### [WHAT TO PRODUCE]
When you copy the material below, keep every line exact and omit the pictures.

*-*-*

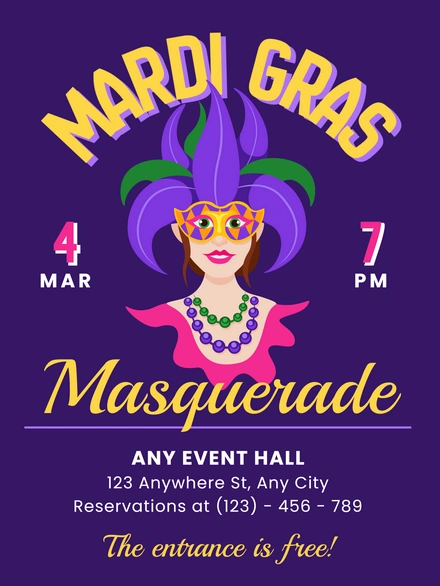 Masquerade Party Advertisement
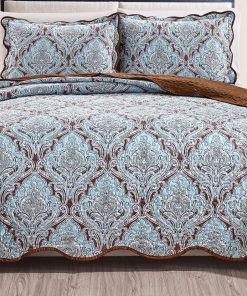 Juego de Colcha Reversible de Gran tamaño (115" X 93") de 3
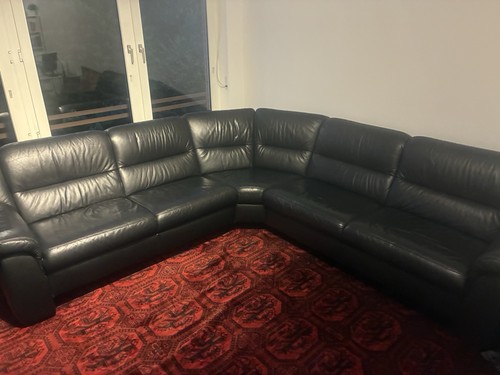 Couch echtleder ecksofa - echtleder,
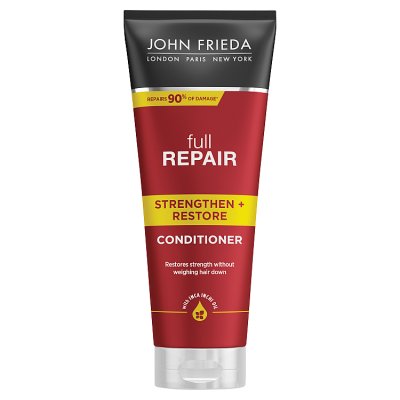 John Frieda Full Repair Odżywka Odbudowująca i nadająca Objętość Strengthen +Restore 250ml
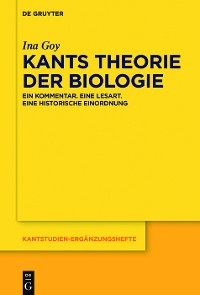 Cover Kants Theorie der Biologie
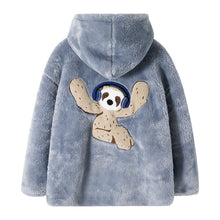 Load image into Gallery viewer, Sicilian Men&#39;s Winter New Thick Hooded Jacket Behind Cute Bear Loose Thick Lamb Velvet Coat
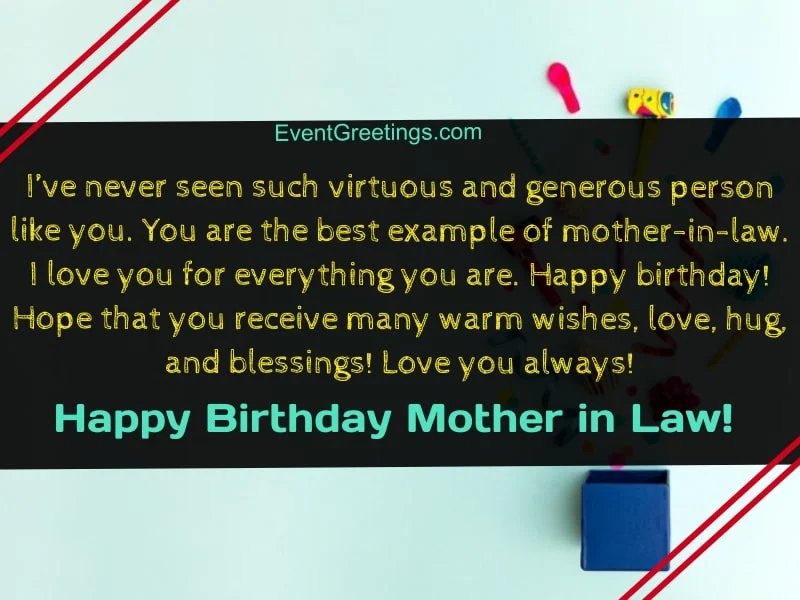 happy birthday mother in law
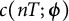 c left parenthesis n upper T semicolon bold italic phi right parenthesis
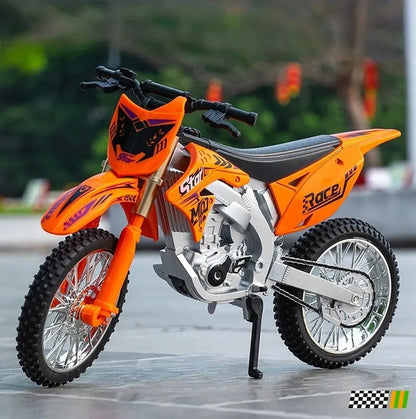 Kawasaki KX450F Dirt Bike Diecast Alloy Model Bike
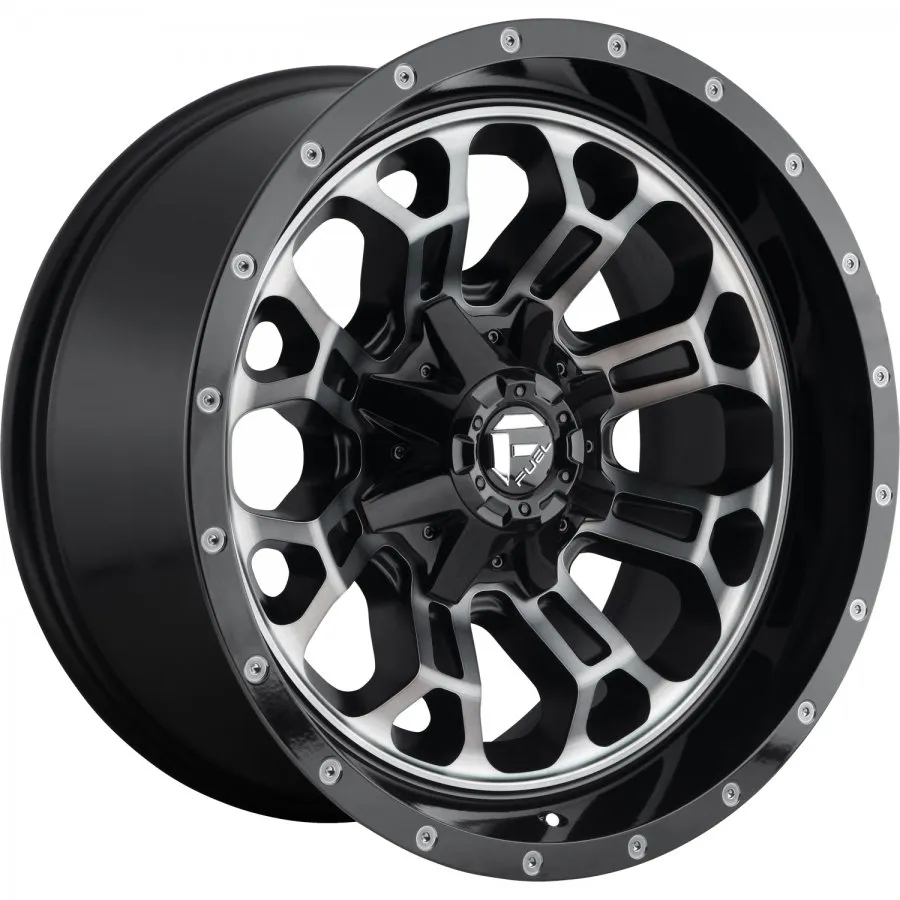 FUEL CRUSH 20X9 12H 6/135-6/139.7 19P MATTE BLACK MACHINED 106.1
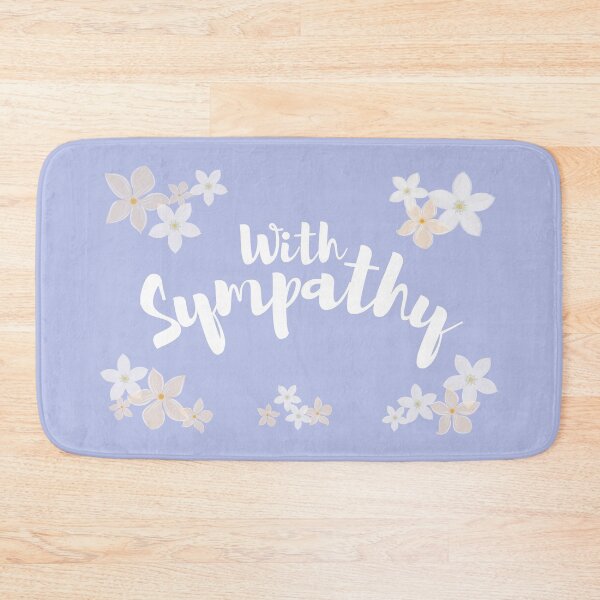 Item preview, With Sympathy Floral Design designed and sold by Zentropik.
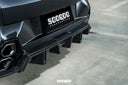 SOOQOO BMW GG09 XM 乾式碳纖維後下巴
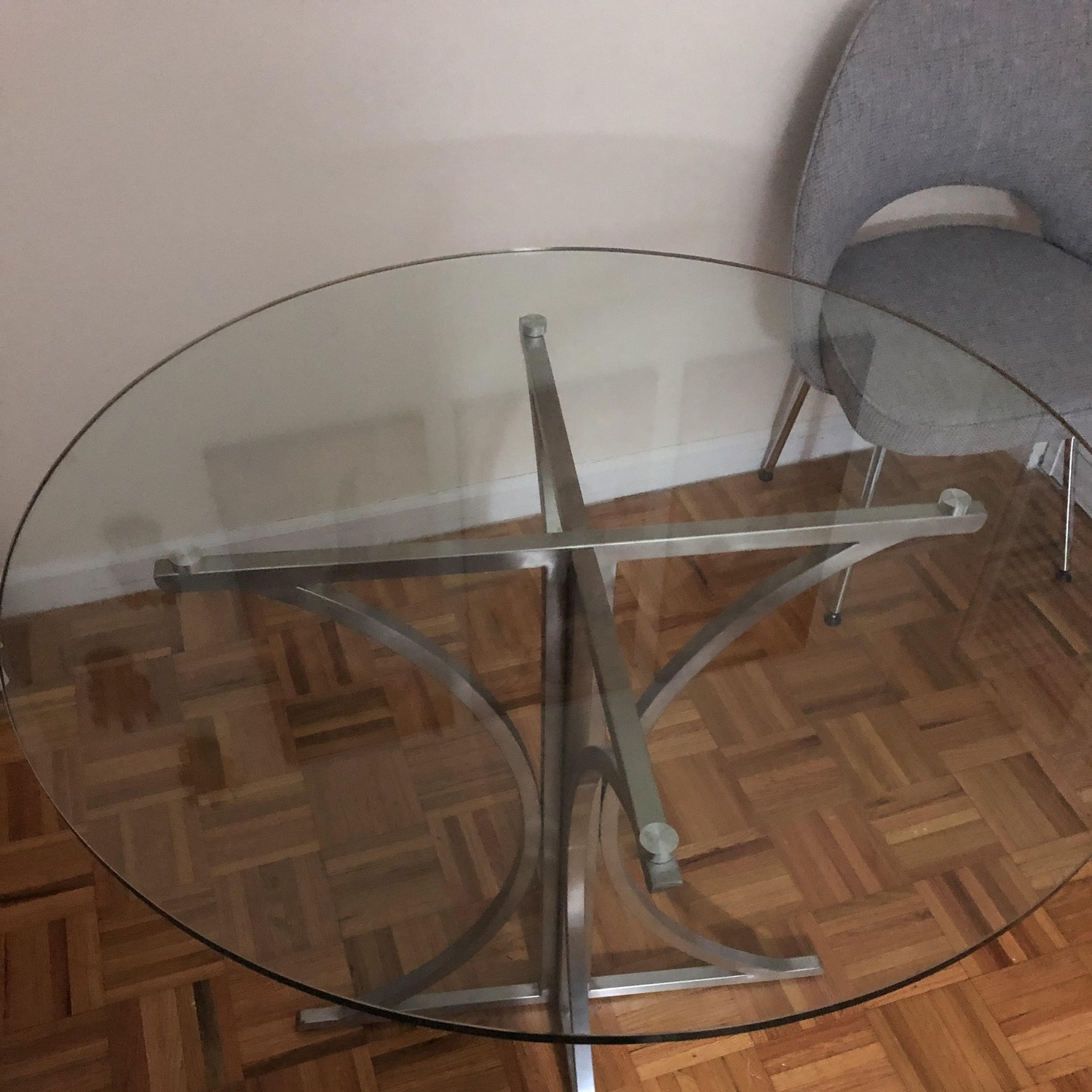 Glass Top Modern Dining Table - image-4
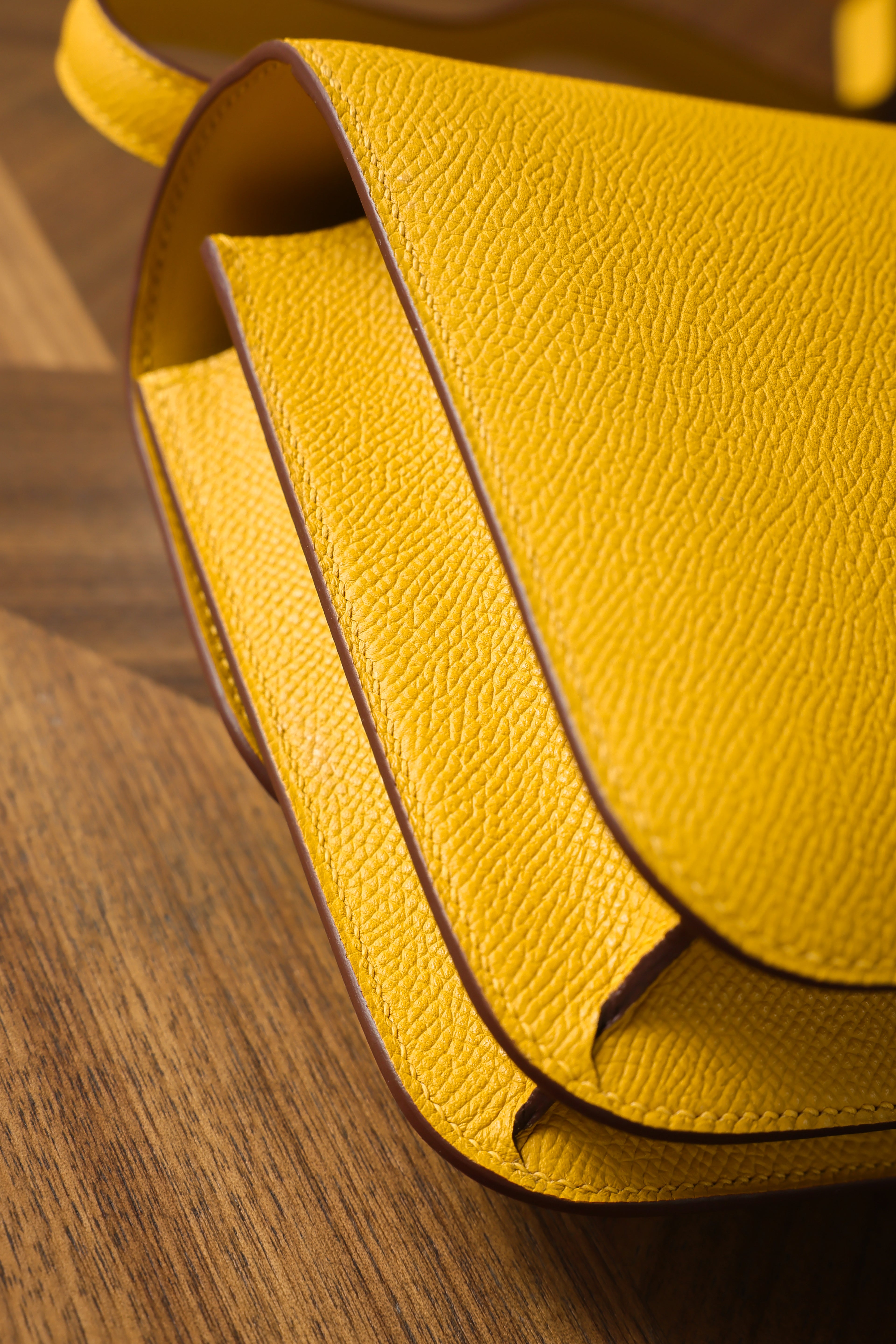 Constance- All Handmade Golden / Sliver Hardware Miel Ep eather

*-*-*

### [EXERCISE OUTPUT]
 Masquerade Party Advertisement
 Juego de Colcha Reversible de Gran tamaño (115" X 93") de 3
 Couch echtleder ecksofa - echtleder,
 John Frieda Full Repair Odżywka Odbudowująca i nadająca Objętość Strengthen +Restore 250ml
 Cover Kants Theorie der Biologie
 Load image into Gallery viewer, Sicilian Men&#39;s Winter New Thick Hooded Jacket Behind Cute Bear Loose Thick Lamb Velvet Coat
 happy birthday mother in law
 c left parenthesis n upper T semicolon bold italic phi right parenthesis
 Kawasaki KX450F Dirt Bike Diecast Alloy Model Bike
 FUEL CRUSH 20X9 12H 6/135-6/139.7 19P MATTE BLACK MACHINED 106.1
 Item preview, With Sympathy Floral Design designed and sold by Zentropik.
 SOOQOO BMW GG09 XM 乾式碳纖維後下巴
 Glass Top Modern Dining Table - image-4
 Constance- All Handmade Golden / Sliver Hardware Miel Ep eather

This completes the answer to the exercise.